Cases
社会課題を解決する先進的なアプローチをご紹介します。

提供:NPO法人 東北開墾

議員の職を辞して、牡蠣漁師に弟子入りをした高橋さん。現場に飛び込んだからこそ、生産者と消費者の間にある課題が見えてきた。『東北食べる通信』のアイデアの源になった経験についてお話を伺う。

生活者が食のつくり手に「恋」する関係へ ――『東北食べる通信』が目指す日本版CSA(1)

食べてよし、見てよし、会ってよし。消費者と生産農家の顔の見える関係――『東北食べる通信』が目指す日本版CSA (3)

口を動かすより現場で実践したい、とすべてをリセット

高橋さんは岩手県会議員を2期務め、2011年9月、震災後の岩手県知事選に立候補した。16万票を獲得したが次点で落選。高橋さんには、今の社会に訴えかけたい明確なビジョンがあった。

豊かさを測るものさしが単一なのはおかしい。岩手県は、貨幣経済のものさしで測ると、たとえば47都道府県の平均県民所得ランキングでは低位。だが、自給経済と贈与経済(お裾分け)のものさしで測れば、きっとランキングは高い。

3つの経済のバランスをとると、東京都よりむしろ豊かではないか。貨幣に換算できない価値を切り捨ててきたところに多くの問題の根源がある。失ってきた大切な価値がまだかろうじて残っているのが第1次産業の世界。ならば、その価値を「見える化」しようと高橋さんは考えた。

だが、しだいに「口を動かすだけで現場がない」政治の世界が虚しく思えてきた、と高橋さんは振り返る。

「知事選に負けた後、4年後にもう1回挑戦しようと、数か月は政治活動をしていたのですが、被災地では若い人たちがリスクを負って日々刻々と新しいものを生み出そうと努力しているのに、のぼりを立て演説して名刺を配ってる場合じゃないと痛感しました。それで後援会を解散し、政治家を辞め、すべてをゼロにリセット。とにかくまず現場を経験しなくてはと、石巻の牡蠣漁師さんのところでお手伝いをはじめたんです」

つくる人と食べる人をつなぐ、キャッチーでハードルの低い入口


提供:NPO法人 東北開墾

手もかじかむ冬場、寒さに耐えて地味な作業を繰り返し、シケの海に出れば命がけ。そうやって手間ひまかけてつくった牡蠣が、1個たったの30円で出荷される。もちろん、生産現場も変わらなければいけないが、結局のところ消費者の意識が変わらなければ生産者は報われない。高橋さんはそれを学んだ。

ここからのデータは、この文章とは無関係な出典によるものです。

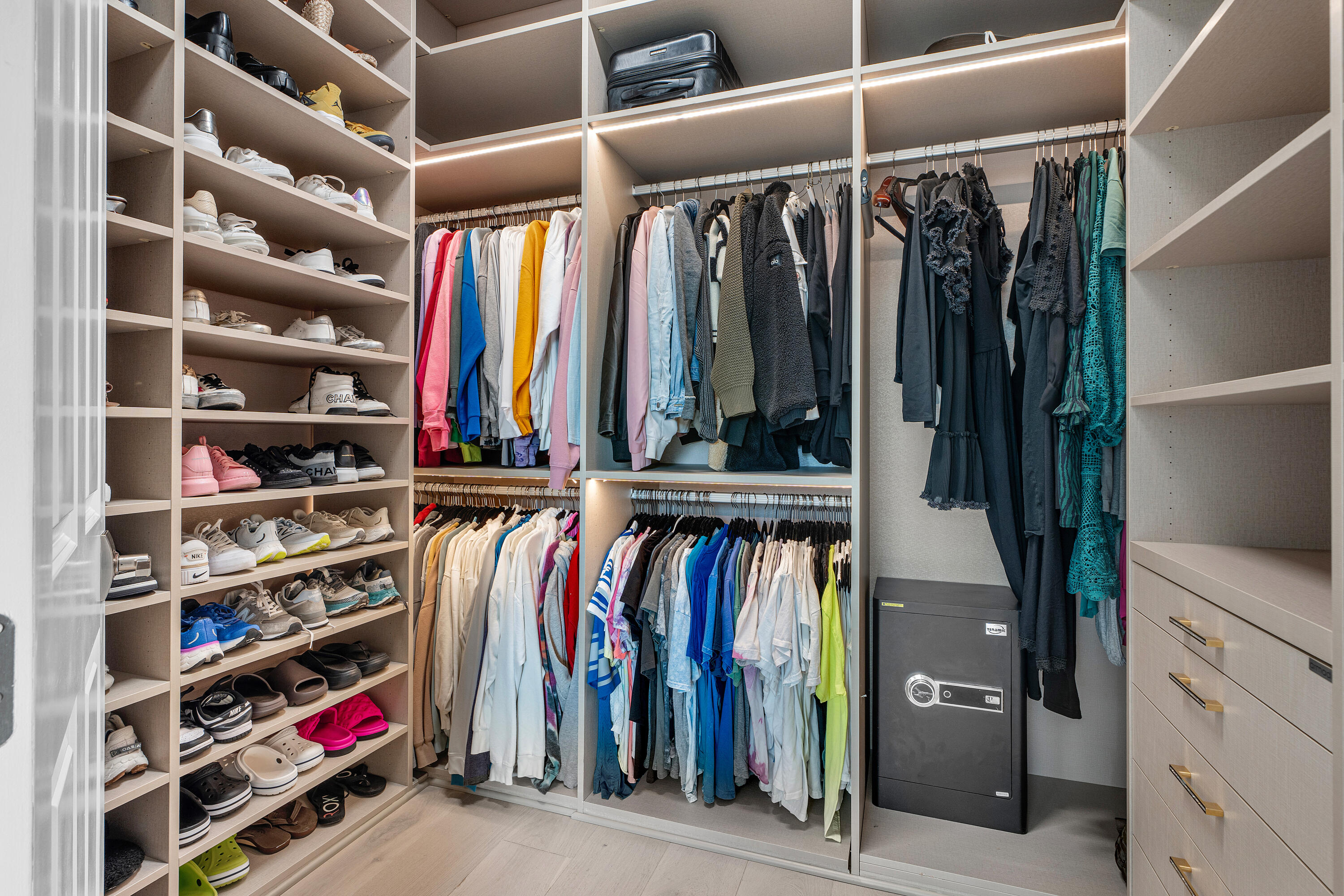 8992 Chauvet Way Boca Raton, FL 33496 - Photo 40 of 63 031-8992ChauvetWay-BocaRaton-FL-33496-FU
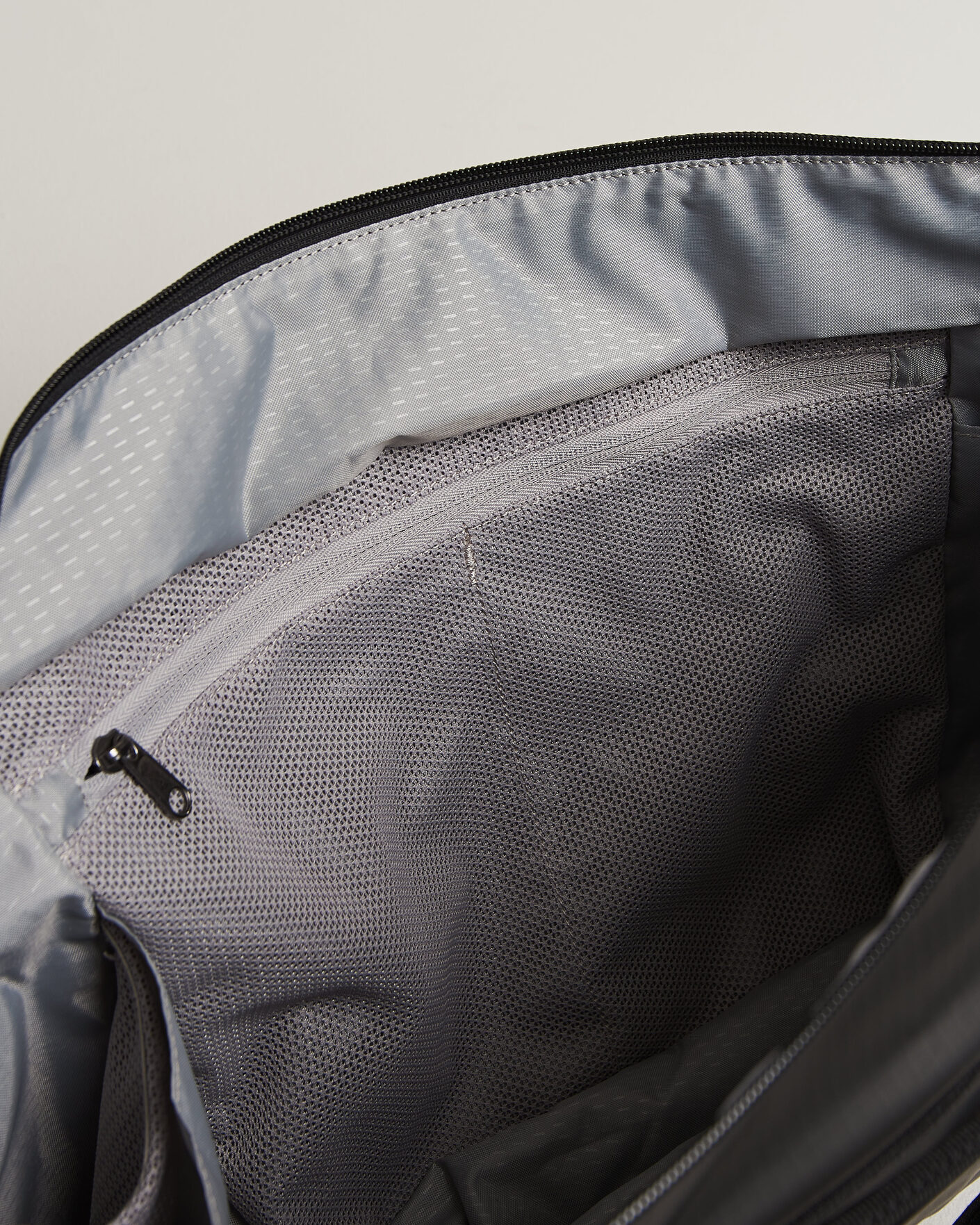 Homme | Sacs | DB | Ramverk Pro Sling Bag 24L Black Out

「問題の根源は食べる人とつくる人が離れすぎて、完全に分断されていること。地産地消が生きていた昔は、つくる人の苦労を食べる人もわかっていました。消費者もまた生産者で、両者は適度に交じり合っていたからです。“こないだの牡蠣、うまかったよ”と喜んでくれる人が身近にいた。でも今のつくる人は孤独です。食べる人の喜ぶ顔が見えない。心が折れそうになるのもわかります」

流通システムの垣根を越え生産者と消費者を直結するしかない。欧米で広がるCSAの仕組みを東北ではじめるにあたってのキャッチーでハードルの低い入口。それが『東北食べる通信』のアイデアだった。食べる人は月額1,980円で、つくる人の生きざまを知りながら、付録としてその食材を味わい、応援する。


提供:NPO法人 東北開墾

「何より生産者が喜んでくれるのが嬉しい」と高橋さん。「まだビジネスモデルとして採算が取れるラインまで到達していませんが、大量消費文化に一石を投じる試みなので、生産者の顔が見える食べものを欲している人たちへウェブサイトやSNSで訴えかけ、地道に1人ずつ読者を増やしていきたいです」

つくる人と食べる人をつなぎ、お互いに顔の見える存在にする。高橋さんの取り組みは徐々にこれまでの1次産業を取り巻くコミュニティーを変えていく。次回は、『東北食べる通信』のプロジェクトに参加する生産者の1人、白石長利さんにお話を伺う。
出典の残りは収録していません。